* [WORK INSTRUCTIONS]: With the pictures excluded, reproduce all of the data exactly.

* [INFORMATION SHOWN]:

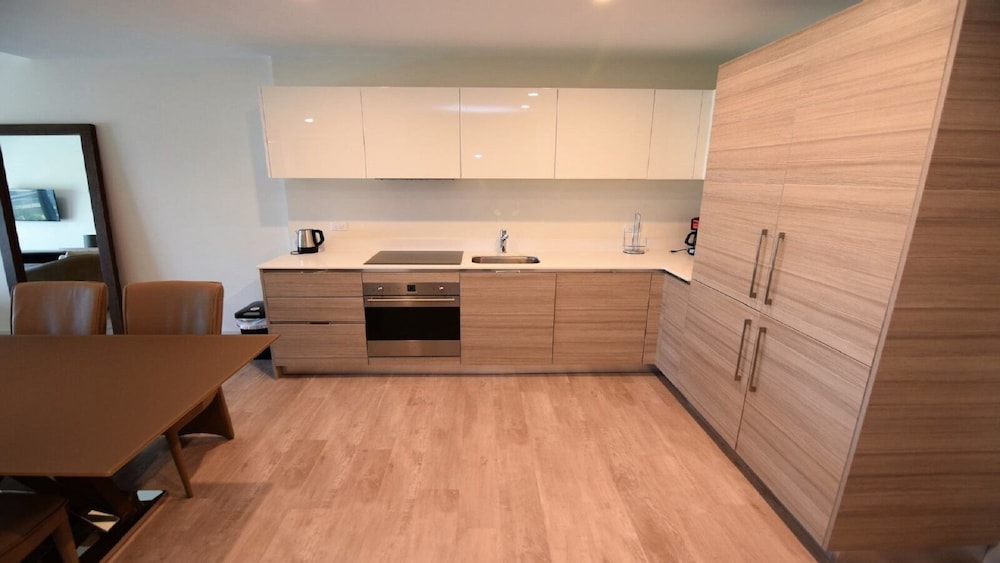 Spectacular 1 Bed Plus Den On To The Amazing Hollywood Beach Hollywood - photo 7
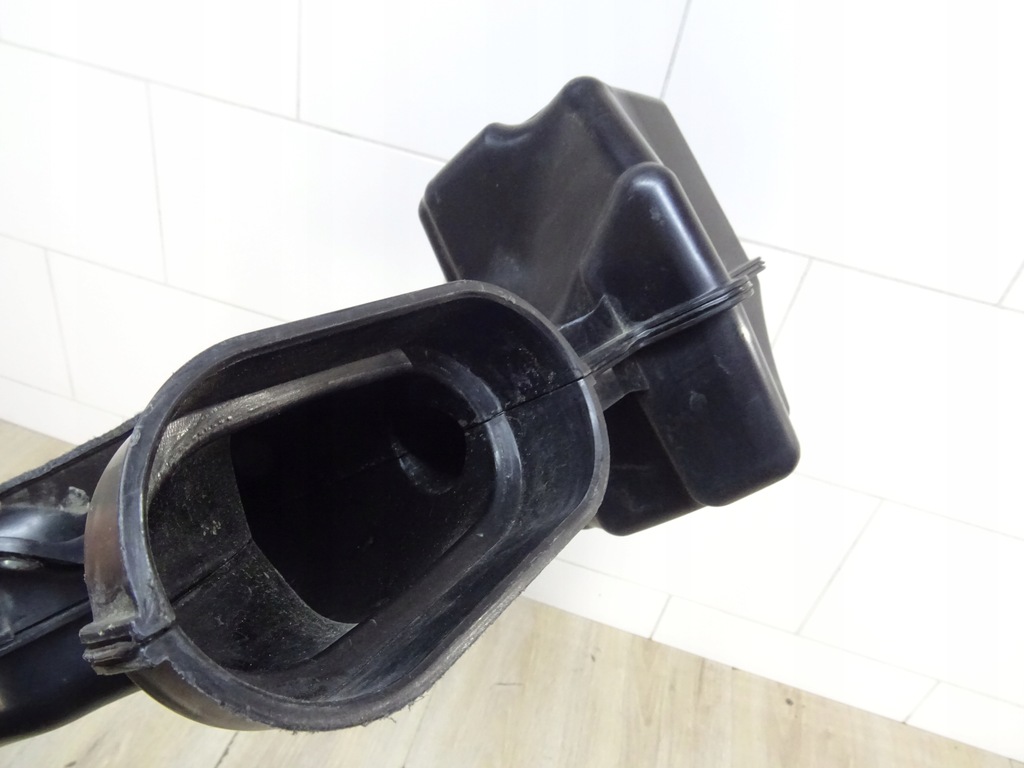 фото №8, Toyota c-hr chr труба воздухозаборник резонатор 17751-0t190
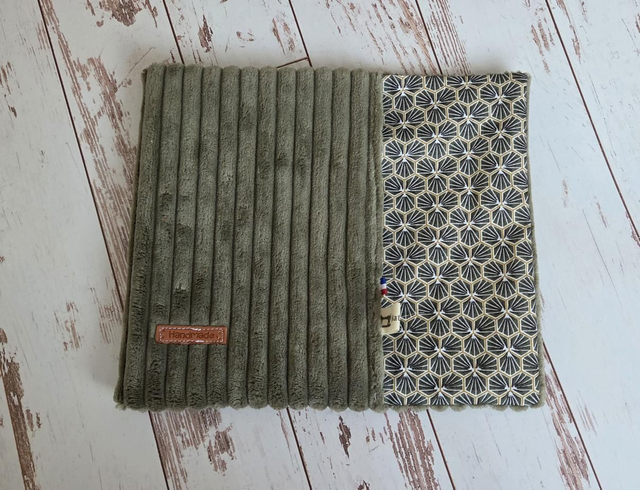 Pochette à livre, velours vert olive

* [THE COMPLETED TASK]:
 Spectacular 1 Bed Plus Den On To The Amazing Hollywood Beach Hollywood - photo 7
 фото №8, Toyota c-hr chr труба воздухозаборник резонатор 17751-0t190
 Pochette à livre, velours vert olive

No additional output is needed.